Both investing and gambling involve risk. You need to put your capitals at risk to get returns from your investment or gambling. Both of the investors or gamblers should have their risk tolerance before they start to invest or gambling. They must know how much they are willing to lose. However, the risks that took by stock investors are much more on fundamental-based and calculated. The risk is manageable by using strategies of diversification across various types of assets. Just like what Warren Buffet said, “Do Not Put All Eggs in One Basket.” At the same time, gambling is as easy as flipping a coin. The players will either win or lose, with nothing in between.
Ownership And Information
Investors who purchase a share from common stock mean that they are acquiring the part ownership. More importantly, investors still can get a small fraction of profits that they have invested when the company is giving out dividend back to the investor.
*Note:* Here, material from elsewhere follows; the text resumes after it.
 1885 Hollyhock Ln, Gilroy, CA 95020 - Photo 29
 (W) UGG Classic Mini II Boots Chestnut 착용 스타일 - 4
To get benefits from investment, investors must gauge the company and its profitability. The earnings from the business are ever changing; investors must analyse the company by using charts, fundamental analysis, news and some company’s metrics to estimate the future earnings of a company.
However in gambling, you do not have any ownership, and nothing useful information can be obtained that give you an edge on the gambling table.
Zero Sum Game
In investing, It was entirely different from gambling due to it can help the companies to generate more profits by increasing productivity and develop new products which may change people’s lives.
On the other side, gambling is a zero-sum game. There will be no values created because the money is transferred from a loser to the winner all the time. Therefore, investing helps to generate wealth for long-term for investors.
Time Horizons For Trading and Gambling
There was a significant difference exist between trading and gambling. Gambling is a probability event that you are either a loser or winner and there is no middle ground in between.
However, for investing, investors may receive dividends from the company when they have purchased shares from them. In the stock market, the price of your stock fluctuates from time to time so you may experience paper gain or loss. However, you may be still able to get dividends for each quarter as long as you hold the stocks. Investing on the valued stock will have a higher chance of rebound back or even going higher than initial buying price.
In gambling, the value of the money does not grow even the bet size or pool of money increase; it stays the same.
On the other hand, the value of the stock will grow because the value of the company will increase whenever there is innovation created or new asset bought.
The differences between investing and gambling are how society will perceive them. Investing played a significant role in today’s economy; due to people invest in improving their life in future. Investors nowadays favour companies that will enhance people’s experience and contribute to social life security.
On the other hand, gambling brings negative connotations. Gaming business may help to stimulate the economy. However, it had adverse side effects like attracting illegal triad activity.
By the way, there are still a lot of people thinking to get rich quick in the stock market and confuse trading with gambling. Please remind that investing and gambling have some similarities, but they had few significant differences between each other. Gambling can be considered as a short-lived entertainment for fun while investing in stock is to improve future lives.